The Otto plan has a twist. While 75% of the carbon price is distributed evenly and directly to all citizens, 25% is distributed as refundable tax credits intended to cover 30% of the cost of clean energy improvements that use Minnesota companies. This may include solar panels, heat pumps for heating and cooling, insulation, new lighting, etc. New or used electric cars count. So it all goes back to the people, but some of it is directed to support the energy transition for individuals and families.

(A “refundable credit” is a tax credit that you still get even if you did not pay enough taxes to use it, so people of any income will be able to access the clean energy benefits.)

The conservatively estimated potential cash gain for a typical Minnesota family is laid out in this table from the Otto campaign:

That is for one year. As the plan matures, a decade down the line, we can assume the carbon price component will diminish, but the household payback for being off fossil fuels will increase, and, guess what? The plant gets to live and your children don’t have to live in as much of a dystopian future!
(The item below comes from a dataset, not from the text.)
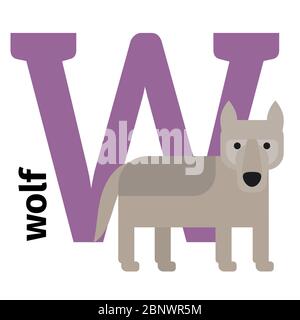 Alfabeto inglese di animali zoo con lettera W. Wolf e lettera vettore illustrazione Illustrazione Vettoriale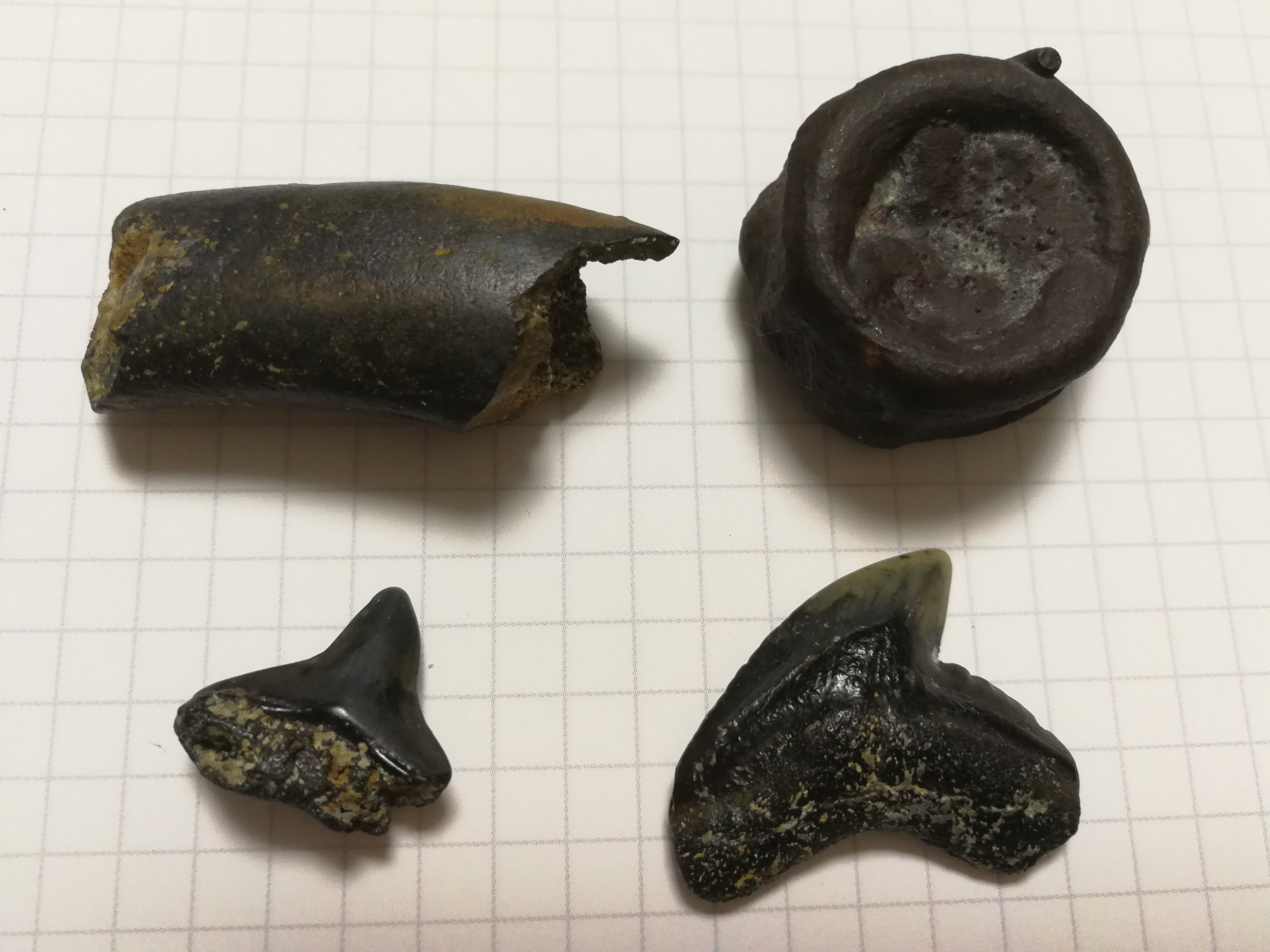 海で化石を探してサメの歯の化石を見つけた。 | かまんかまんぬ沖縄暮らし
The clean energy technologies that will need to be deployed mostly already exist, and most of them can be processed and supplied right here in Minnesota. Indeed installing PV panels and car chargers, or efficient heat pump based furnaces, etc. is the kind of job that can not be outsourced to some other country, because your house is here so the work gets done here! It is estimated that some 80,000 long term high paying jobs will be generated from this infrastructure redo. That will in turn increase revenues to the state and quite likely, will spell surpluses, some of which are likely to be tax rebates or other sorts of payoffs to the citizens of the state.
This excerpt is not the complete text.